Return, unchanged and with no pictures, the lines below from the very first through the one that contains "Mackenzi Lee Quotes: It's".

◆ **Given data**:

□ □ □ □

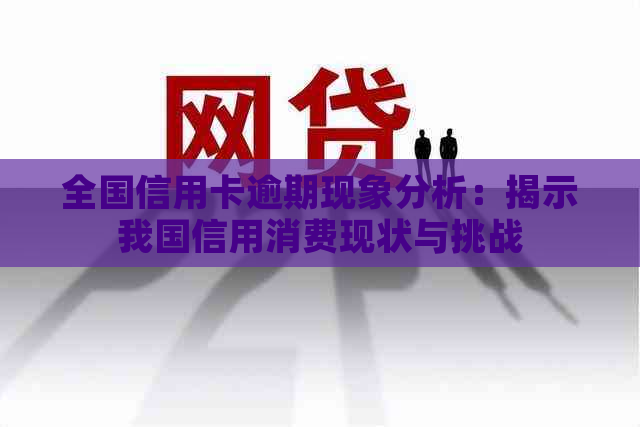 全国信用卡逾期现象分析：揭示我国信用消费现状与挑战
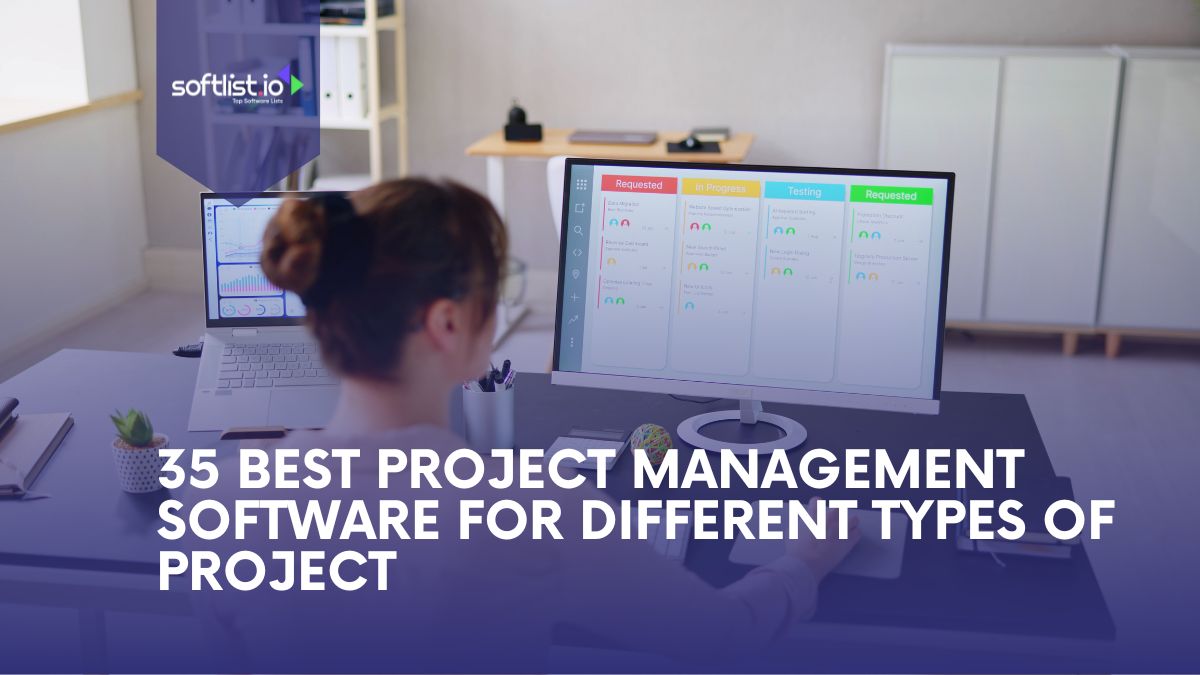 35 Best Project Management Software for Different Types of Projects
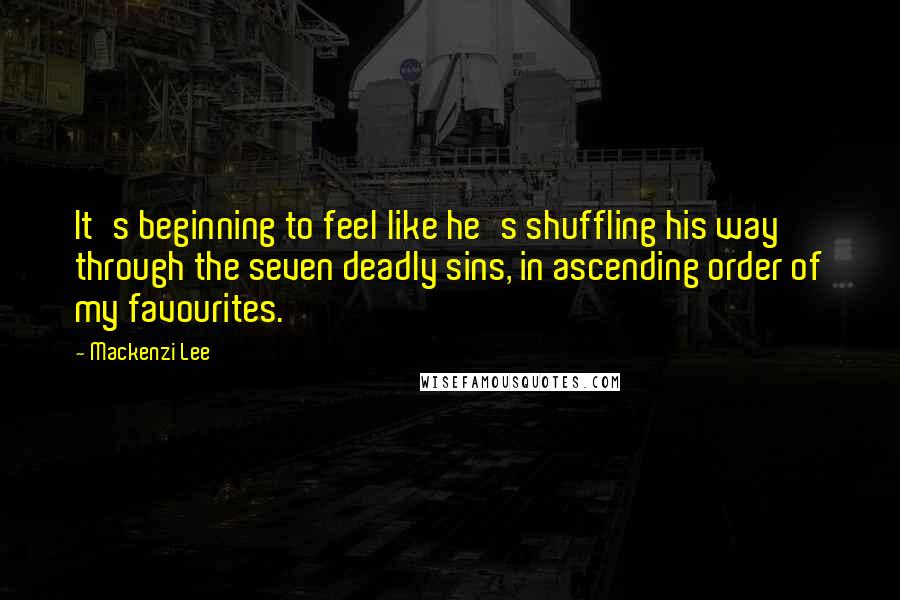 Mackenzi Lee Quotes: It's beginning to feel like he's shuffling his way through the seven deadly sins, in ascending order of my favourites.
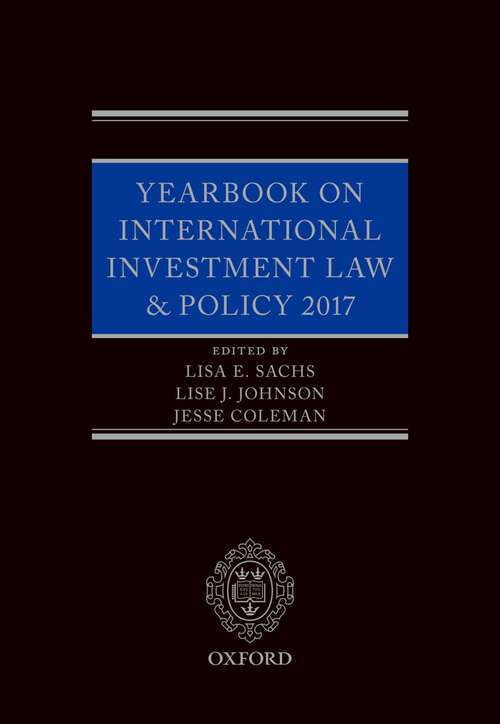 Book cover of Yearbook on International Investment Law & Policy 2017 (Yearbook on International Investment Law and Policy)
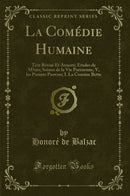La Comédie Humaine: Text Révisé Et Annoté; Etudes de Mœurs; Scènes de la Vie Parisienne, V, les Parents Pauvres; I. La Cousine Bette (Classic Reprint)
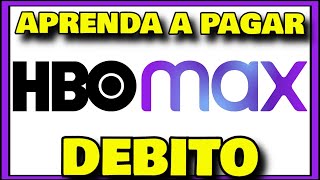 COMO PAGAR HBO MAX COM DEBITO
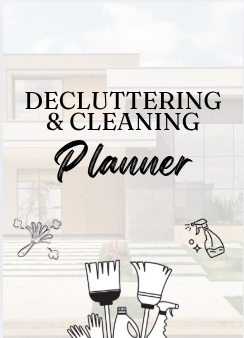 Decluttering and Cleaning Planner - Create a Clean, Organized Home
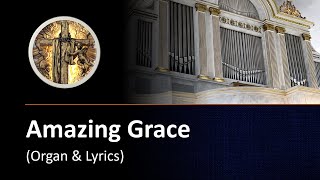 Amazing Grace organ amp lyrics [upl. by Winni170]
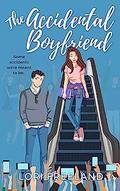 The Accidental Boyfriend by Lori Freeland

□ □ □ □

◆ **Answer to this exercise**:
 全国信用卡逾期现象分析：揭示我国信用消费现状与挑战
 35 Best Project Management Software for Different Types of Projects
 Mackenzi Lee Quotes: It's beginning to feel like he's shuffling his way through the seven deadly sins, in ascending order of my favourites.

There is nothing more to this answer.